The tone of a poem is roughly equivalent to the mood it creates in the reader. Think of an actor reading a line such as "I could kill you." He can read it in a few different ways: If he thinks the proper tone is murderous anger, he might scream the line and cause the veins to bulge in his neck. He might assume the tone of cool power and murmur the line in a low, even voice. Perhaps he does not mean the words at all and laughs as he says them. Much depends on interpretation, of course, but the play will give the actor clues about the tone just as a poem gives its readers clues about how to feel about it. The tone may be based on a number of other conventions that the poem uses, such as meter or repetition. If you find a poem exhilarating, maybe it's because the meter mimics galloping. If you find a poem depressing, that may be because it contains shadowy imagery. Tone is not in any way divorced from the other elements of poetry; it is directly dependent on them.

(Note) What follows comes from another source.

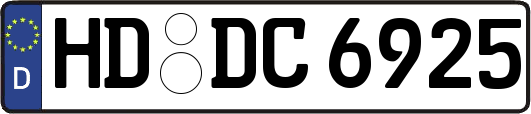 HD-DC6925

Poetry can be like a recipe. If you were making a cake, you would first mix the dry ingredients together; then you would cream butter and sugar together, then add eggs, then stir the dry ingredients in. Why wouldn't you just drop all of the ingredients into a big bowl at the same time and mix? You'd end up with a lumpy mess, and no one wants a cake, or a poem, to be a lumpy mess. Word order matters—sometimes for clarity of meaning (a solo guitar isn't the same as a guitar solo) and sometimes for effect ("a dying man" is roughly the same as "a man, dying," but the effect of the word order matters). There are many different ways to order words and communicate approximately the same meaning, so readers should always question why poets have chosen a particular order, whether the choice is conventional or just the opposite.